_EXERCISE DIRECTIONS_.
Exactly as written, reproduce the lines from the one that contains "CENTELLIAN 24 - Madeca" through the end of the records.

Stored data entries
Start of Block

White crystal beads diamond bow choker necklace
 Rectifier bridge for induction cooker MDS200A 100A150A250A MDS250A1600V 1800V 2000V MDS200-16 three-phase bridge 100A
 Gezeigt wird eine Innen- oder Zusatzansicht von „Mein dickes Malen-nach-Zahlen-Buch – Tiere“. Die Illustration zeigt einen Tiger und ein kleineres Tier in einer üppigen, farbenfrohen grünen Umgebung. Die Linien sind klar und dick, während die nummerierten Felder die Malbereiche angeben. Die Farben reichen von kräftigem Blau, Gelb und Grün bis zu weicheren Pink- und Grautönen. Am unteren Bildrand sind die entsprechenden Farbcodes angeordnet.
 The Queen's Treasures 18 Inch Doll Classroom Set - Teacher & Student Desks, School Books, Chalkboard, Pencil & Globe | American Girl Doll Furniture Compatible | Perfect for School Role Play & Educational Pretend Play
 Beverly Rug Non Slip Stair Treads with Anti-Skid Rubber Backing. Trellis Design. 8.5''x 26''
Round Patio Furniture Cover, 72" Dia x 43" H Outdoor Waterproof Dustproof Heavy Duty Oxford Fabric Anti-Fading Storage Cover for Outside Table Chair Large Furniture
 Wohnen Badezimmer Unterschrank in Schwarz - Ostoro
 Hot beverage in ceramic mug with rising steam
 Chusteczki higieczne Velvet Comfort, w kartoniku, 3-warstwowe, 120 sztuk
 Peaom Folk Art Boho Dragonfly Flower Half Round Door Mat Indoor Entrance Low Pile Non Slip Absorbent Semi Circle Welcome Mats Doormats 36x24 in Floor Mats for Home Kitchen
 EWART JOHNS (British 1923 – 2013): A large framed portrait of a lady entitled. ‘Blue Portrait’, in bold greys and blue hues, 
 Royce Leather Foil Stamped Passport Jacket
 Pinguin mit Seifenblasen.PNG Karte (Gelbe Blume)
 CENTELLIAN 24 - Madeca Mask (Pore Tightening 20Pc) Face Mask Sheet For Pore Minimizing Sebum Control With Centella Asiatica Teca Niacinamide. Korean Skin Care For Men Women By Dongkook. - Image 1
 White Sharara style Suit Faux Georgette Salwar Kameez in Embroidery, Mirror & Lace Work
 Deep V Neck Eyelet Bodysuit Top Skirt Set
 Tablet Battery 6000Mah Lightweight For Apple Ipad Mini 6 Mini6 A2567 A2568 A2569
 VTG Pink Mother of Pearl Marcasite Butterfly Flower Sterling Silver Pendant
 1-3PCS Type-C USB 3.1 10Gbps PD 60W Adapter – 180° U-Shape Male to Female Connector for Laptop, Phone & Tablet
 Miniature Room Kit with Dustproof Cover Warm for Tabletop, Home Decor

End of Block

_SOLUTION TO THIS TASK_.
 CENTELLIAN 24 - Madeca Mask (Pore Tightening 20Pc) Face Mask Sheet For Pore Minimizing Sebum Control With Centella Asiatica Teca Niacinamide. Korean Skin Care For Men Women By Dongkook. - Image 1
 White Sharara style Suit Faux Georgette Salwar Kameez in Embroidery, Mirror & Lace Work
 Deep V Neck Eyelet Bodysuit Top Skirt Set
 Tablet Battery 6000Mah Lightweight For Apple Ipad Mini 6 Mini6 A2567 A2568 A2569
 VTG Pink Mother of Pearl Marcasite Butterfly Flower Sterling Silver Pendant
 1-3PCS Type-C USB 3.1 10Gbps PD 60W Adapter – 180° U-Shape Male to Female Connector for Laptop, Phone & Tablet
 Miniature Room Kit with Dustproof Cover Warm for Tabletop, Home Decor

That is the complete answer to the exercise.